Antonio Calderón recorre las calles de Bogotá con un viejo taxi prestado. Trabaja 12 horas al día. Se distrae con los programas de radio que sintoniza en el aparato frontal del coche. A menudo se queda pensativo en un semáforo. Con una mano se atusa la barba, con la otra sostiene el volante. Los coches de atrás le sacan de su ensimismamiento con un golpe de claxon. Después continúa la marcha. Le gusta divagar, pero en ocasiones puede ser tremendamente enfocado. Por ejemplo, cuando se sobresalta al reconocer una cara que le resulta familiar y aminora la velocidad, hasta colocarse en paralelo al transeúnte. Lo sigue por unas calles, lo observa con atención. No, no es él, carajo, se parece, pero no es, se dice a sí mismo cuando descubre que no se trata de uno de los asesinos de su hijo. Entonces pisa el acelerador en busca de un nuevo cliente.

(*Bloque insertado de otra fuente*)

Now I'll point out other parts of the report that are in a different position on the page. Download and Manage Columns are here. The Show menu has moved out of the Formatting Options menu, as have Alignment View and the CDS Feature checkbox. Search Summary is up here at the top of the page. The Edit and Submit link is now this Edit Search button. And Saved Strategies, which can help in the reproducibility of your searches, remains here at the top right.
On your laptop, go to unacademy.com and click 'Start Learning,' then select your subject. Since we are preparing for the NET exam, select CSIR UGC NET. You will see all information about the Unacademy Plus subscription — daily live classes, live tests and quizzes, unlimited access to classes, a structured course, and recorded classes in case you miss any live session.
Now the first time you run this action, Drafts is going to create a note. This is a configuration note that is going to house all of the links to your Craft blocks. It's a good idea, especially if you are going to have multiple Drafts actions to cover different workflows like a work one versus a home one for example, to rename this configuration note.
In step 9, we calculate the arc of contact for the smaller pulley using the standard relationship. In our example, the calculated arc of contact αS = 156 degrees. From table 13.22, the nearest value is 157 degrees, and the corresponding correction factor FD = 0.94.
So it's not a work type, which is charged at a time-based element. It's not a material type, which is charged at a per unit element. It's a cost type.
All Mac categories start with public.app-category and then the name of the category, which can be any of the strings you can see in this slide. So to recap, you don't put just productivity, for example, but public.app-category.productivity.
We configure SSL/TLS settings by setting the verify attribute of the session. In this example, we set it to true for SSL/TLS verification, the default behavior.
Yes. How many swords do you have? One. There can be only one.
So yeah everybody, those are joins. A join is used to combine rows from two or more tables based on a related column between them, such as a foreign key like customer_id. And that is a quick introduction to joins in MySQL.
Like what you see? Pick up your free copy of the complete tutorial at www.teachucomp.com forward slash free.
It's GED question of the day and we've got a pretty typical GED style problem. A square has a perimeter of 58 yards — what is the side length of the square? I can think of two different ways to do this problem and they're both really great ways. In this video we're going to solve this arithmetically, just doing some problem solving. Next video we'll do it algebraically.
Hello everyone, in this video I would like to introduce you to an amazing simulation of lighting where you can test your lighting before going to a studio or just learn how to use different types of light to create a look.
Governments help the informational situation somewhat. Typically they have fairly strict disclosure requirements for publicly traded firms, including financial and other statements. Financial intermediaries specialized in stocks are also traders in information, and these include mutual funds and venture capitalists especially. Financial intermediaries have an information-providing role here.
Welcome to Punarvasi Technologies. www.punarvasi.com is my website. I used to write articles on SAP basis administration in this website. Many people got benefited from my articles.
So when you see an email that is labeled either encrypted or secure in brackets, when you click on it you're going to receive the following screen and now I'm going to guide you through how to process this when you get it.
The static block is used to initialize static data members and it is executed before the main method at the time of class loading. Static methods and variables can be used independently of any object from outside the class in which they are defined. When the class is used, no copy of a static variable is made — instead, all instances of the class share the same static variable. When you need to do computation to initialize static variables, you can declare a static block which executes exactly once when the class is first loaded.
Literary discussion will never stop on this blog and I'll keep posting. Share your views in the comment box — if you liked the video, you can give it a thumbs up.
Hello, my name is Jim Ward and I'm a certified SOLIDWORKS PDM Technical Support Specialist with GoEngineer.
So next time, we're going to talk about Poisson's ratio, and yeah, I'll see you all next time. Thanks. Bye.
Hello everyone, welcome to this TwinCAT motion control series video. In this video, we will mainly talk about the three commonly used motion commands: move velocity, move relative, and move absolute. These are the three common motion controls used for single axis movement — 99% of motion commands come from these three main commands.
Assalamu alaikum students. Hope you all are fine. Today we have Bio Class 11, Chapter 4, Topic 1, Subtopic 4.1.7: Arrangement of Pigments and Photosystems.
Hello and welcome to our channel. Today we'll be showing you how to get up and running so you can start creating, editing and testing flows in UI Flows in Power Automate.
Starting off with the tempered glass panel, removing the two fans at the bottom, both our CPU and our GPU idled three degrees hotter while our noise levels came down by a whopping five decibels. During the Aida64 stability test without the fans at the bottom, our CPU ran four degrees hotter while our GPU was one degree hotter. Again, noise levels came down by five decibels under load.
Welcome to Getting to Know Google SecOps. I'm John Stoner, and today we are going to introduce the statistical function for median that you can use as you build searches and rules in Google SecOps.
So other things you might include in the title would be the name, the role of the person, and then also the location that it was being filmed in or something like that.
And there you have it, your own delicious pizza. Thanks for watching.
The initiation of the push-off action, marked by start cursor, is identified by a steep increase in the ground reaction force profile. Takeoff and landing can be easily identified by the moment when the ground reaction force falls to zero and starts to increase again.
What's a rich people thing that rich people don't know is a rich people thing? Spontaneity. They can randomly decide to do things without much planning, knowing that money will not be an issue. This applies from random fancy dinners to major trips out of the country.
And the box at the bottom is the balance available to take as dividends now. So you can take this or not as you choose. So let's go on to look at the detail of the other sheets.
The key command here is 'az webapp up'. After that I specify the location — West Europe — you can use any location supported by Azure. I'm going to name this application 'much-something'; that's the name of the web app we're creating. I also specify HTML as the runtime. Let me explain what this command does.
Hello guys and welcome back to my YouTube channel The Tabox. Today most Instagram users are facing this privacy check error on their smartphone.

Su hijo, Eduardo, de 39 años, era fiscal encargado en Bogotá y murió investigando los negocios ilegales de sus vecinos. Este mes se cumplen nueve años de su muerte. El caso sigue abierto en la Fiscalía y la familia de Calderón ha invertido todos sus ahorros en la defensa de su hijo. Hace seis años que no trabajaba. Le tocó volver a hacerlo para poder pagar a los abogados que llevan el caso. Calderón se desahoga con sus clientes: “Mi hijo era fiscal y lo mataron por estar investigando a quien no debía”.
Sus padres viven en un perpetuo 19 de abril de 2013. Ese día, a las 11 de la mañana, Eduardo salió a la calle para sacar a pasear al perro de la familia, como siempre. Las penúltimas palabras que la madre escuchó del hijo fueron: “No me demoro”. Minutos después, se empezaron a escuchar gritos de pelea en todo el conjunto residencial en que vivían: “Muchos vecinos salieron a mirar lo que pasaba, pero nadie le ayudó”, asegura su madre, que fue la única que intentó impedir el suceso.
En ese momento, tres vecinos con los que había tenido problemas en el pasado se le acercaron y lo empezaron a insultar. Calderón intentó ignorarlos, pero al ver que empezaron a gritarle cosas también a su madre, se enfrentó a ellos. “Mátenme a mí, mátenme”, gritó María, que la emprendió de inmediato a sombrillazos con uno de los tres hombres para tratar de evitar que le hicieran nada a su hijo.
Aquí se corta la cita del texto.